Exit Polls Say MItch McConnell's Faction of Republicans Is Going to Lose...
Mitch McConnell could have spent the past three and a half years (i) trying to make American government work, and run for re-election as the can-do Minority Leader who helped make America work and made sure that all the moonbatty things the Democrats wanted to pass were amended and modified so that as passed they are actually good for the country.
Mitch McConnell could have spent the last three and a half years (ii) trying to keep American government from working, and run for re-election as the new broom that needs to be brought in to sweep out the Democrats, who (iii) have been unable to accomplish anything.
But it now looks as though enough of Kentucky's voters think that Mitch McConnell has (i) been trying to make American government work, but that actually government (iii) has been unable to accomplish anything--and that his Republicans are some of the garbage that needs to be swept out.
Josh Green:
Rand Paul Wraps Up in Kentucky: Rand Paul... GOP voters will decide in a closed primary whether to anoint him their Senate nominee.... Paul reiterated the idea that the Tea Party has a mainstream message that revolves around term limits, balanced budget laws, fiscal discipline, and assorted other particulars meant to appeal to the angry and aggrieved. "There's a tidal wave coming," Paul told the crowd, "its' already gotten to Utah, and tomorrow it's coming to Kentucky."... "If we win tomorrow," he said, "it will be the first victory for a Tea Party candidate, and we will define the direction of the Republican Party."
In my talks with voters on the campaign trail today and yesterday, the idea that the Republican Party is as complicit as the Democratic Party in what ails the country is something I heard again and again.... [R]egistered Republican voters... frustration with Mitch McConnell, Kentucky's senior senator and the Senate Minority Leader, seemed indistinguishable from--or perhaps better to say, "was a large part of"--the general frustration with Washington. "Republicans in Washington, D.C. are just playing 'follow the leader,' Janice Cox told me at a rally in Paducah earlier today, to which she'd brought her daughter, grandchildren, and a jumbo-sized American flag. "We need a true constitutional conservative."... Trey Grayson wants to balance the budget eventually, but Paul wants to do it in a single year.
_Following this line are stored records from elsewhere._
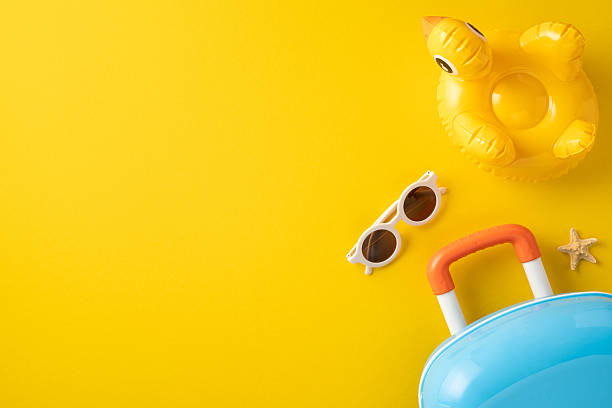 istock Flat lay image of travel essentials including sunglasses, inflatable ring, suitcase, and starfish, emphasizing summer vacation and beach relaxation. 2214025699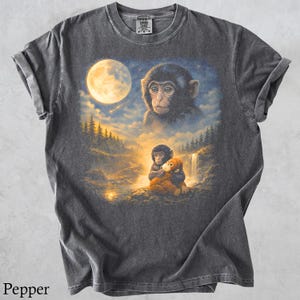 May include: Dark gray t-shirt featuring a detailed illustration of two monkeys in a moonlit forest scene. The design includes a large full moon, a waterfall, and a smaller monkey hugging a stuffed animal. The shirt is labeled "Pepper".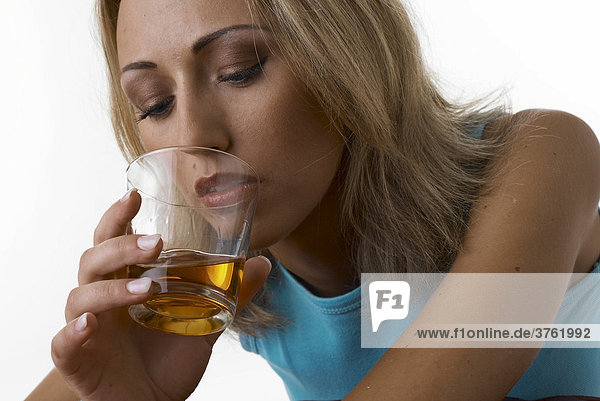 Young woman drinking brandy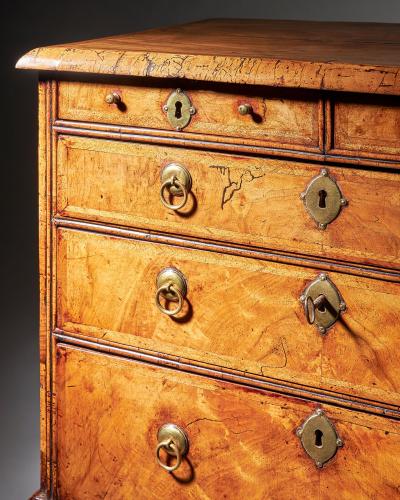 An extremely rare George I walnut chest of small proportions on ball and bracket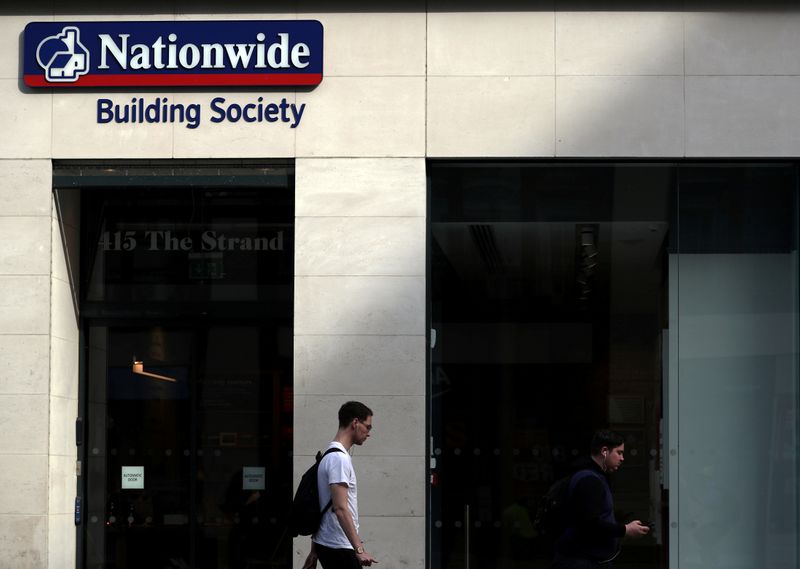 FILE PHOTO: A man walks past a Nationwide Building Society in London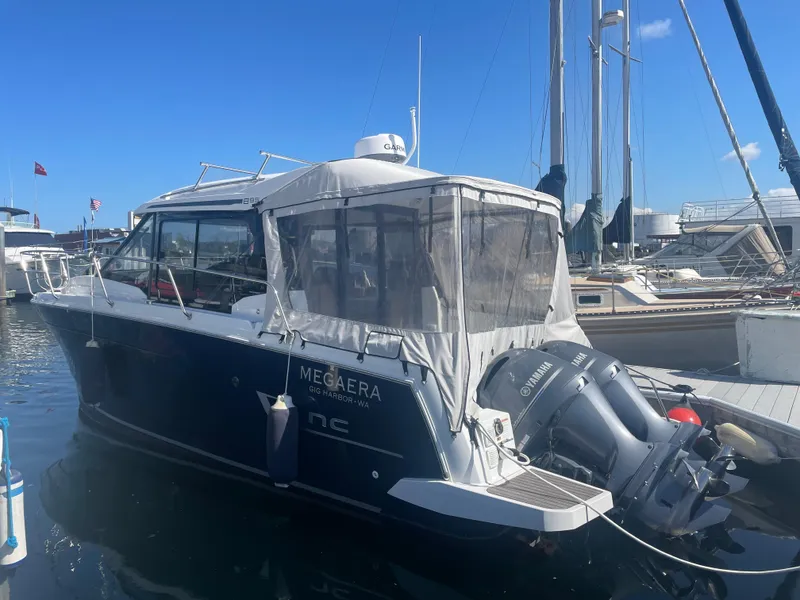 Slide: The Image of 2019 Jeanneau NC895 boat docked with Yamaha outboard engines. - 35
Grayson wants to rein in earmarks without banishing them outright (Kentucky benefits greatly from earmarks, especially given McConnell's seniority), Paul wants to do away with them altogether. It's almost unfair to Grayson that this is costing him so dearly--he is being responsible in saying that the budget is not going to get balanced in one year (it's not), and he's looking out for the state's interests by wanting to bring home the pork. But it's clear, just as it was in Utah last week when Sen. Bob Bennett lost, that voters are angry and far more interested in a candidate who speaks in absolutes.